* [Work task]
Please transcribe the data below in full. Omit any picture you find in it.

* [Dataset excerpt]
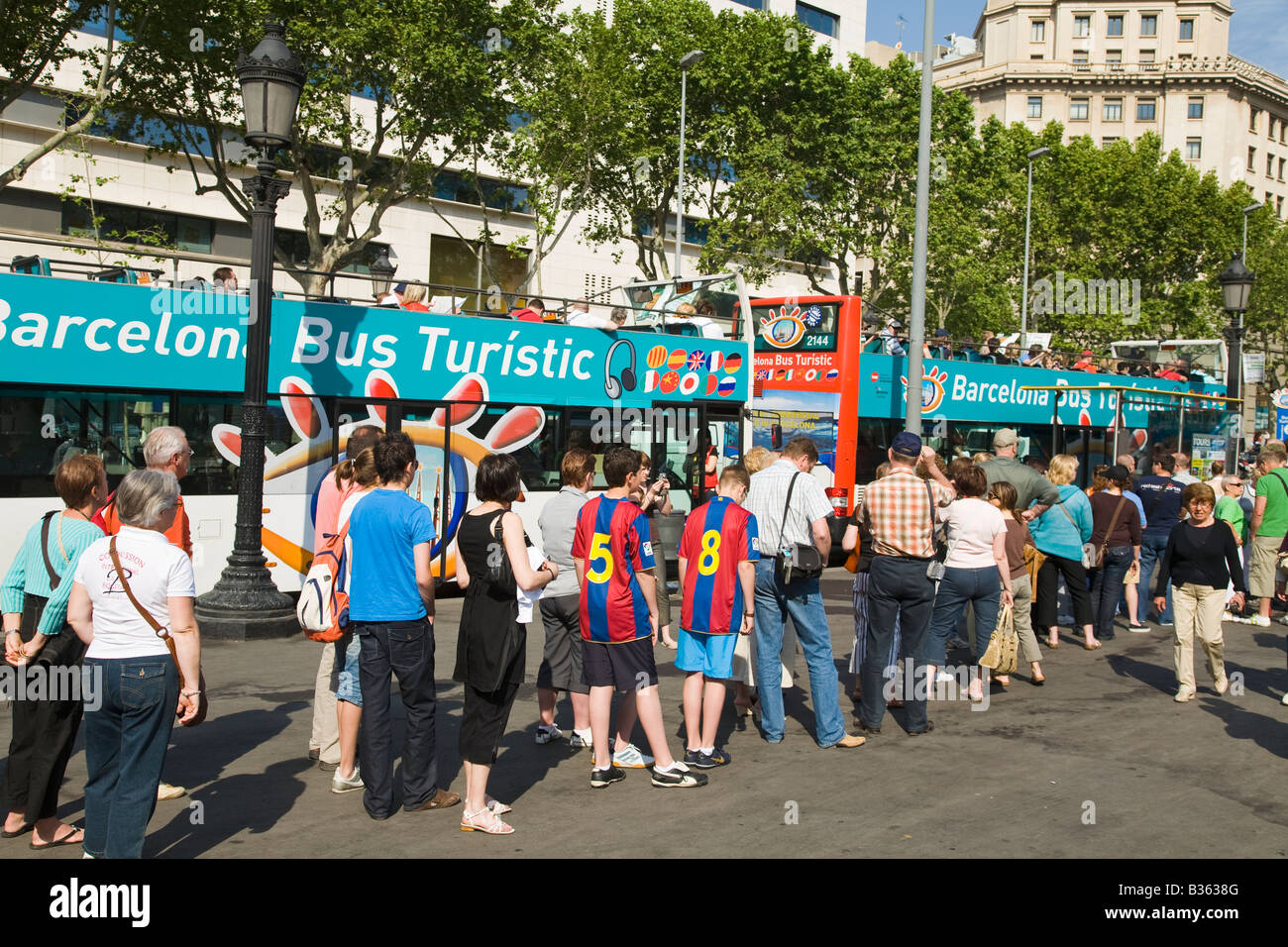 Spagna Barcellona turisti attendere in linea a bordo double decker bus turistico in Plaza de Catalunya Foto Stock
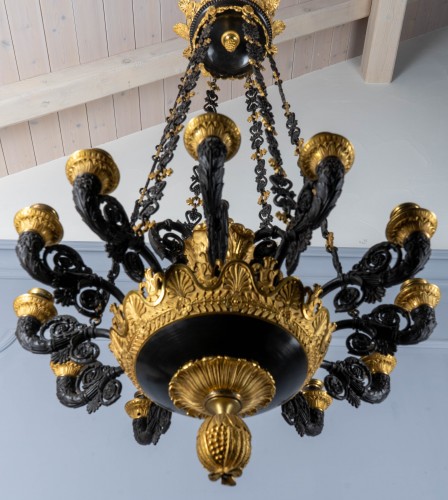 Lustre à douze lumières en bronze patiné et doré Charles X - Luminaires Style 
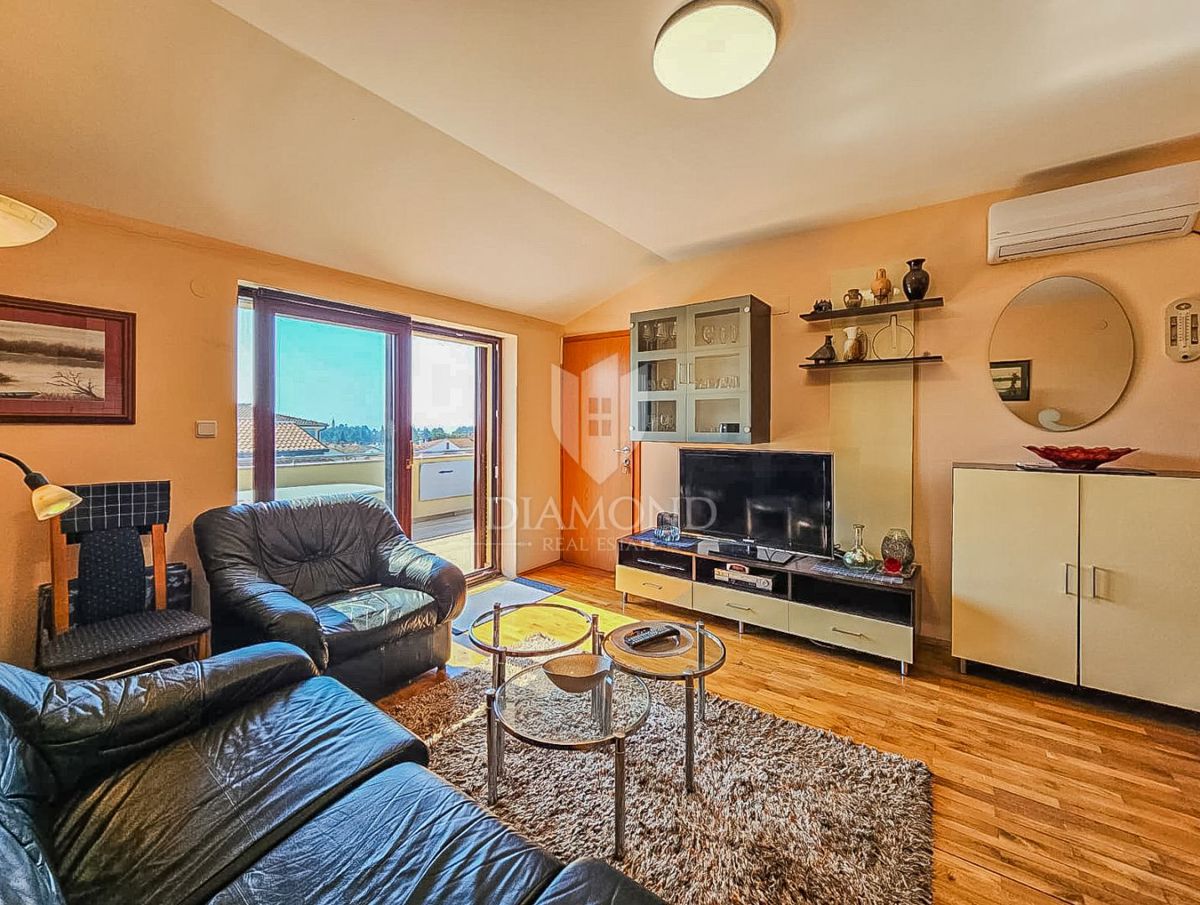 Novigrad, appartamento con vista mare a 200 metri dalla spiaggia!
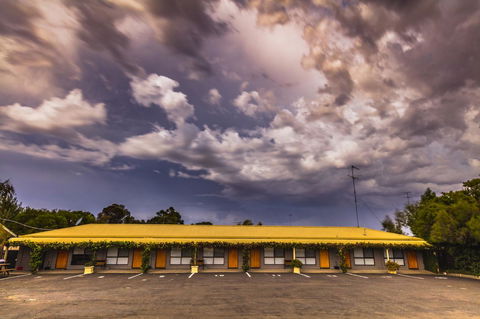 Country Roads Motor Inn Naracoorte - Accommodation Search 40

* [Answer to the exercise]
 Spagna Barcellona turisti attendere in linea a bordo double decker bus turistico in Plaza de Catalunya Foto Stock
 Lustre à douze lumières en bronze patiné et doré Charles X - Luminaires Style 
 Novigrad, appartamento con vista mare a 200 metri dalla spiaggia!
 Country Roads Motor Inn Naracoorte - Accommodation Search 40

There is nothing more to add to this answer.